#Encoder-Decoder with LSTM for English-to-Hindi translation

#🔧 Requirements
Install required packages:


In [1]:
!pip install tensorflow numpy pandas




#📦 Step 1: Load a Dataset (Toy English-Hindi Pairs)
We'll use a small custom dataset for simplicity:

In [2]:
# Sample English-Hindi translation pairs
data = [
    ["hello", "नमस्ते"],
    ["how are you", "आप कैसे हैं"],
    ["i am fine", "मैं ठीक हूँ"],
    ["what is your name", "आपका नाम क्या है"],
    ["my name is john", "मेरा नाम जॉन है"],
    ["thank you", "धन्यवाद"],
    ["good morning", "सुप्रभात"],
    ["good night", "शुभ रात्रि"]
]


#🧼 Step 2: Preprocessing

In [3]:
import numpy as np
import tensorflow as tf
from tensorflow.keras.preprocessing.text import Tokenizer
from tensorflow.keras.preprocessing.sequence import pad_sequences

# ---------------- Split English and Hindi sentences ----------------
# Assuming 'data' is a list of tuples: [(eng1, hin1), (eng2, hin2), ...]
eng_texts, hin_texts = zip(*data)

# ---------------- Add Start and End Tokens ----------------
# Add <sos> (start of sentence) at beginning of Hindi input
hin_texts_input = ['<sos> ' + text for text in hin_texts]

# Add <eos> (end of sentence) at end of Hindi output
hin_texts_output = [text + ' <eos>' for text in hin_texts]

# ---------------- Tokenization ----------------
# Tokenizer for English
eng_tokenizer = Tokenizer()  # Default filters will remove punctuation etc.
eng_tokenizer.fit_on_texts(eng_texts)  # Build word index
eng_seq = eng_tokenizer.texts_to_sequences(eng_texts)  # Convert text to sequence of integers
eng_seq = pad_sequences(eng_seq, padding='post')  # Pad sequences with zeros at the end

# Tokenizer for Hindi
hin_tokenizer = Tokenizer(filters='')  # Keep all tokens including punctuation
hin_tokenizer.fit_on_texts(hin_texts_input + hin_texts_output)  # Fit on both input and output to ensure all words are in vocab
hin_seq_input = hin_tokenizer.texts_to_sequences(hin_texts_input)  # Tokenize input with <sos>
hin_seq_output = hin_tokenizer.texts_to_sequences(hin_texts_output)  # Tokenize output with <eos>
hin_seq_input = pad_sequences(hin_seq_input, padding='post')  # Pad Hindi input
hin_seq_output = pad_sequences(hin_seq_output, padding='post')  # Pad Hindi output

# ---------------- Vocabulary Sizes ----------------
eng_vocab_size = len(eng_tokenizer.word_index) + 1  # +1 for padding token (index 0)
hin_vocab_size = len(hin_tokenizer.word_index) + 1

# ---------------- Debug Info ----------------
print("English sequence shape:", eng_seq.shape)
print("Hindi input/output shape:", hin_seq_input.shape, hin_seq_output.shape)

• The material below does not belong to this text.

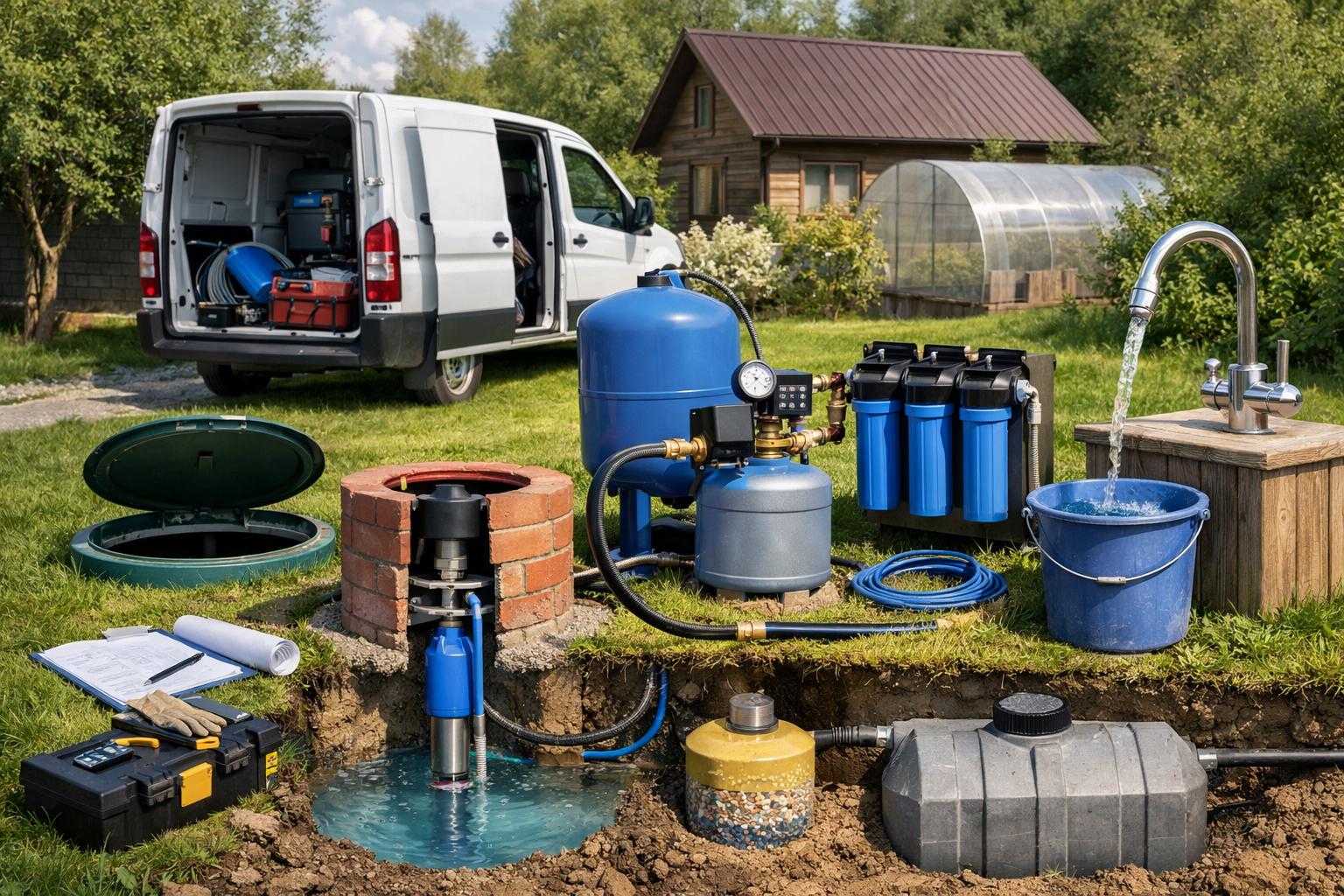 Получите чистую воду без забот — бесплатный выезд и обследование участка от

English sequence shape: (8, 4)
Hindi input/output shape: (8, 5) (8, 5)


#🧠 Step 3: Define the Model (Encoder-Decoder with LSTM)

In [4]:
from tensorflow.keras.models import Model
from tensorflow.keras.layers import Input, LSTM, Embedding, Dense

# -------------------- Model Hyperparameters --------------------
latent_dim = 256  # Dimensionality of the LSTM hidden states

# -------------------- Encoder --------------------
# Define encoder input layer (takes sequences of token IDs)
enc_input = Input(shape=(None,))  # 'None' allows variable-length sequences

# Embedding layer to convert token IDs to dense vectors
enc_emb = Embedding(input_dim=eng_vocab_size, output_dim=latent_dim)(enc_input)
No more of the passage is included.